Instructions for the task: Reproduce exactly the lines below from the one containing "Used 2024 Kia" through the one containing "Weißes T-Shirt aus", including both, and nothing else.

»»

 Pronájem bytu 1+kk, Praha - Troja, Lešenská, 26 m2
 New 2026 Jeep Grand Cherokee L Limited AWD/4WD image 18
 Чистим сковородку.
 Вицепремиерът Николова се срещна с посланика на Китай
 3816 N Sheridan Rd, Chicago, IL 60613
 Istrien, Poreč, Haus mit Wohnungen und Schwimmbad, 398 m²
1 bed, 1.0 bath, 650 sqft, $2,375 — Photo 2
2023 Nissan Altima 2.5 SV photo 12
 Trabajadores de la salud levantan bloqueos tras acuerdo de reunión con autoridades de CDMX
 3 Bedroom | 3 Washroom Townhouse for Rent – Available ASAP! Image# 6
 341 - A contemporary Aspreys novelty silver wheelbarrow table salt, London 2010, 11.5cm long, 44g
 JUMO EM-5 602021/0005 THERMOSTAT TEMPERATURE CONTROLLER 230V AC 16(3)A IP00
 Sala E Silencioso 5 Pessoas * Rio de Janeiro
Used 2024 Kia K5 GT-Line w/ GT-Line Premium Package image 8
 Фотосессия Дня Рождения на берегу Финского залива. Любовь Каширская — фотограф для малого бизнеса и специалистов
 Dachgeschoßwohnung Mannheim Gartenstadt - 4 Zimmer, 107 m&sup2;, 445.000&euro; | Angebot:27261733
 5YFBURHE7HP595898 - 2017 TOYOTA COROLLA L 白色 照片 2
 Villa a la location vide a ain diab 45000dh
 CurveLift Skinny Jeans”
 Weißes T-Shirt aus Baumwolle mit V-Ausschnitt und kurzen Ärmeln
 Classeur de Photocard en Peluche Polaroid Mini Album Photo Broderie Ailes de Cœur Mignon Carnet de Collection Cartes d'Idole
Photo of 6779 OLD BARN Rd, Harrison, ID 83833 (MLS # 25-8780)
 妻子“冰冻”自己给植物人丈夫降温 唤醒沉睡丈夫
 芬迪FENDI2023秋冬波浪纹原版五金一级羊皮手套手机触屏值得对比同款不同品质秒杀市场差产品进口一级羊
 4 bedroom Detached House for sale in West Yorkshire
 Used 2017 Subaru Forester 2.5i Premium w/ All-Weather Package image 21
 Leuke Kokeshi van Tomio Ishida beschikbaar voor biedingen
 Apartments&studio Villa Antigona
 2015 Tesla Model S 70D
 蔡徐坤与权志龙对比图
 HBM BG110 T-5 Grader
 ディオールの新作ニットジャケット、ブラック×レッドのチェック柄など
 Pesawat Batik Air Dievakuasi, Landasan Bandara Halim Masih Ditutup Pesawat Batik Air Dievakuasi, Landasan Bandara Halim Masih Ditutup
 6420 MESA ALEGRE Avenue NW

««

Task output:
Used 2024 Kia K5 GT-Line w/ GT-Line Premium Package image 8
 Фотосессия Дня Рождения на берегу Финского залива. Любовь Каширская — фотограф для малого бизнеса и специалистов
 Dachgeschoßwohnung Mannheim Gartenstadt - 4 Zimmer, 107 m&sup2;, 445.000&euro; | Angebot:27261733
 5YFBURHE7HP595898 - 2017 TOYOTA COROLLA L 白色 照片 2
 Villa a la location vide a ain diab 45000dh
 CurveLift Skinny Jeans”
 Weißes T-Shirt aus Baumwolle mit V-Ausschnitt und kurzen Ärmeln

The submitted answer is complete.